╭──

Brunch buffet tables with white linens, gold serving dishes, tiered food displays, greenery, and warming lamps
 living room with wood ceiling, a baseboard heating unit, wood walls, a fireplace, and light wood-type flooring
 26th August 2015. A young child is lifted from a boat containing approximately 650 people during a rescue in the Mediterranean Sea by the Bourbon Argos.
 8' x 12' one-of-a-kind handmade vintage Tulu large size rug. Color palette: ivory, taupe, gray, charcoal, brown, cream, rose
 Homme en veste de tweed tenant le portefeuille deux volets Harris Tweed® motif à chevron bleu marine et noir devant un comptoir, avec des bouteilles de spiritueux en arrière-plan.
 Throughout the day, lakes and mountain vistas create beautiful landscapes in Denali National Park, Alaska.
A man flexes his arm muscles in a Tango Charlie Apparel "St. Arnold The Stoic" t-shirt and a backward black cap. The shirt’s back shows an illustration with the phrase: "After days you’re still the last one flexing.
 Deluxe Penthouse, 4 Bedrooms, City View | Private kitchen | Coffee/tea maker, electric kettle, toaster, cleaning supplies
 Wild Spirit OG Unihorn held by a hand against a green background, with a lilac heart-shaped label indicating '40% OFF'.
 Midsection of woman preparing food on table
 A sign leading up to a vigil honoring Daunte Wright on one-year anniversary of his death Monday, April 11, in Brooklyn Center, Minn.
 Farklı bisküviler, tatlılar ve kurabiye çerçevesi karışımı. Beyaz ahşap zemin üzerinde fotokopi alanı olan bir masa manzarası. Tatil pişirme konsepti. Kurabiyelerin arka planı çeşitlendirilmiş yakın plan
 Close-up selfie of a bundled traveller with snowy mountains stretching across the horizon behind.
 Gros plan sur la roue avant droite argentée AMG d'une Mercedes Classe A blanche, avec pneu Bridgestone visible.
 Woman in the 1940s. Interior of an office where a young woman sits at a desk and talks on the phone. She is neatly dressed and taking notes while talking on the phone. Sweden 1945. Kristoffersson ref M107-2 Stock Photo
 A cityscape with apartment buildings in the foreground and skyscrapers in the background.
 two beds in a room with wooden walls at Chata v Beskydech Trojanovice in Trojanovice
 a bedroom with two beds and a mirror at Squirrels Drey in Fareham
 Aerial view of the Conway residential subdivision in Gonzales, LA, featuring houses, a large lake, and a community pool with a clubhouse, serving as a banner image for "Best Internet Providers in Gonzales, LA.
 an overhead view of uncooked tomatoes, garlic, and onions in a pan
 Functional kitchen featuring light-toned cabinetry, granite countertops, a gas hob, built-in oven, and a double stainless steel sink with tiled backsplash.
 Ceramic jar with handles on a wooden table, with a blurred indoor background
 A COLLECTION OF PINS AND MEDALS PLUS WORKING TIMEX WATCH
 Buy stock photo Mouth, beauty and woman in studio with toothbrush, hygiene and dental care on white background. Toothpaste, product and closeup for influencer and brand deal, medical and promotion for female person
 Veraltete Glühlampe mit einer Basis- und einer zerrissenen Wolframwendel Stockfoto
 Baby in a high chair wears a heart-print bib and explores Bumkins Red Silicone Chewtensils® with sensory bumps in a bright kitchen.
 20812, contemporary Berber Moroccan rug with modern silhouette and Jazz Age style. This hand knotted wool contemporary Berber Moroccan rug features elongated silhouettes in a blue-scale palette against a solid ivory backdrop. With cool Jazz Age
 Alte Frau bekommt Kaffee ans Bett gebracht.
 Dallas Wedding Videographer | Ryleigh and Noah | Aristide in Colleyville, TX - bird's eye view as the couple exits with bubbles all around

╰──

- ACTIVITY: Check the data above line by line for the word "beds". State only how many lines contain it.

- OUTPUT: 2